Fernando Holguin, MD, explains why increased risk of pulmonary disease may be overlooked when assessing obesity risk factors.
I hope the COVID-19 pandemic and its impact on obese individuals will help spur more research on the interaction between metabolic syndrome and pulmonary disease, said Fernando Holguin, MD, a pulmonologist and critical care doctor at the University of Colorado Anschutz Medical Campus.
Transcript
When increased rates of obesity and associated conditions are discussed, pulmonary diseases often are not included in this dialogue. Why do you think this is?
I think there's certainly been a lag in medical knowledge that metabolic factors impair lung function. There's an incredible wealth of information that shows, that, indeed metabolic syndrome and obesity are risk factors for vascular dysfunction. But our research, as well as research from others, has shown that in many of these patients, these metabolic dysregulations can actually cause what we coin as airway dysfunction, the inability of the airways bronchodilate normally through a variety of different mechanisms. I don't think it's widely recognized, but it certainly is a significant problem.
If you look at, for example, an incidence of an odds ratio or risk ratio of 1.4 to 2—so either 50%, or even doubling the rates of asthma associated with obesity and with metabolic syndrome—and considering that 30% to 40% of the US population is obese now, particularly in some minority groups, clearly, this poses a huge risk for new cases of asthma and those with asthma to have worsening disease. In my view, this is a very significant link or problem.
The real concern is that many of these patients live in this nonallergic spectrum of asthma, so these noneosinophilic states, particularly those who have late-onset disease. Their response to inhaled corticosteroids and some of the drugs that we have to treat patients with predominantly eosinophilic inflammation are just not there.
There's really good new research coming into biologicals that work on a different space and some other metabolic pathways and those that influence mitochondrial function in the airways, which is another area that seems to be impaired in patients with metabolic syndrome. I think there's a lot of new stuff coming out that could potentially improve the health of these patients. But currently, there is just not a lot to do for them, aside from losing weight and improving their metabolic profiling.

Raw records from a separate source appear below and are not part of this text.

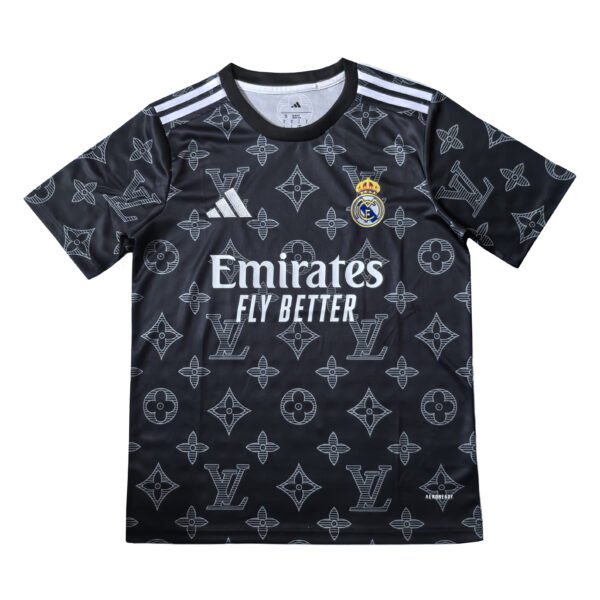 25/26 Real Madrid LV Collab Edition Soccer Jersey Black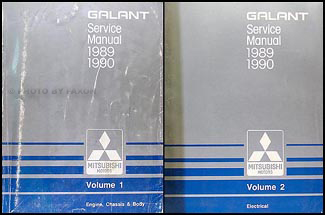 1989-1990 Mitsubishi Galant Repair Manual Set Original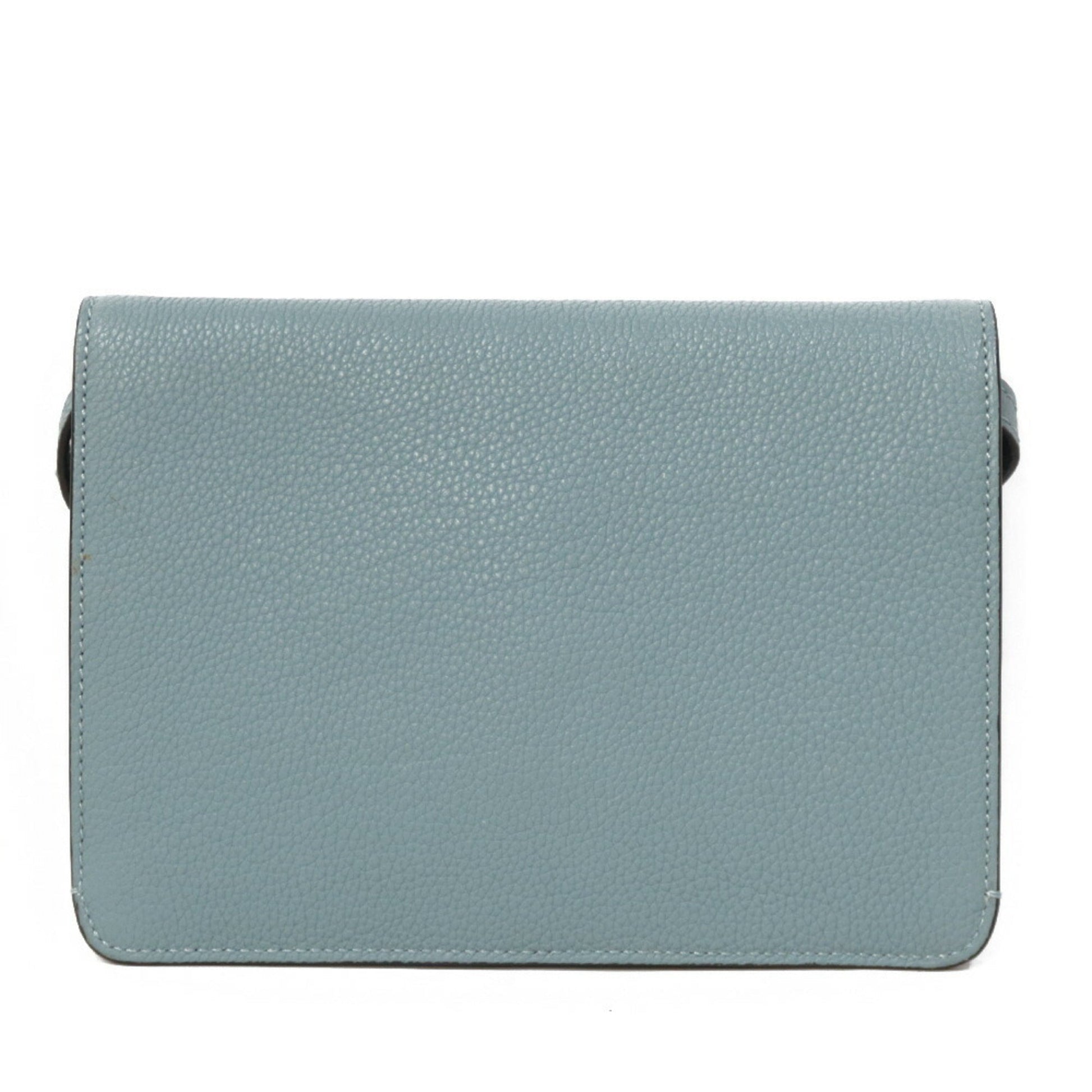 Gucci Blue Leather Shoulder Bag Style 2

Do you think the COVID-19 pandemic and its effect on overweight and obese individuals will help spur more research on the relationship between metabolic syndrome and pulmonary disease?
I should hope so. You bring a very good point. Clearly, nobody thought that a virus would more severely affect people in their lungs that suffered from metabolic syndrome or obesity. I think that that clearly has shown that there's unique immune-metabolic interactions that render the individual more susceptible to other diseases.
Inflammation doesn't happen without changing metabolism, and vice versa. These things just happen together. It's just that our research, and by that I mean the people that fund us to do these research, want us to be so focused on one area, that it's somewhat risky to start to ping into other areas, which means we need to have a lot more crosstalk between researchers focusing on the metabolic space and the autoimmune inflammatory space, and really start to think out of the box or more creatively about how to solve some of these problems.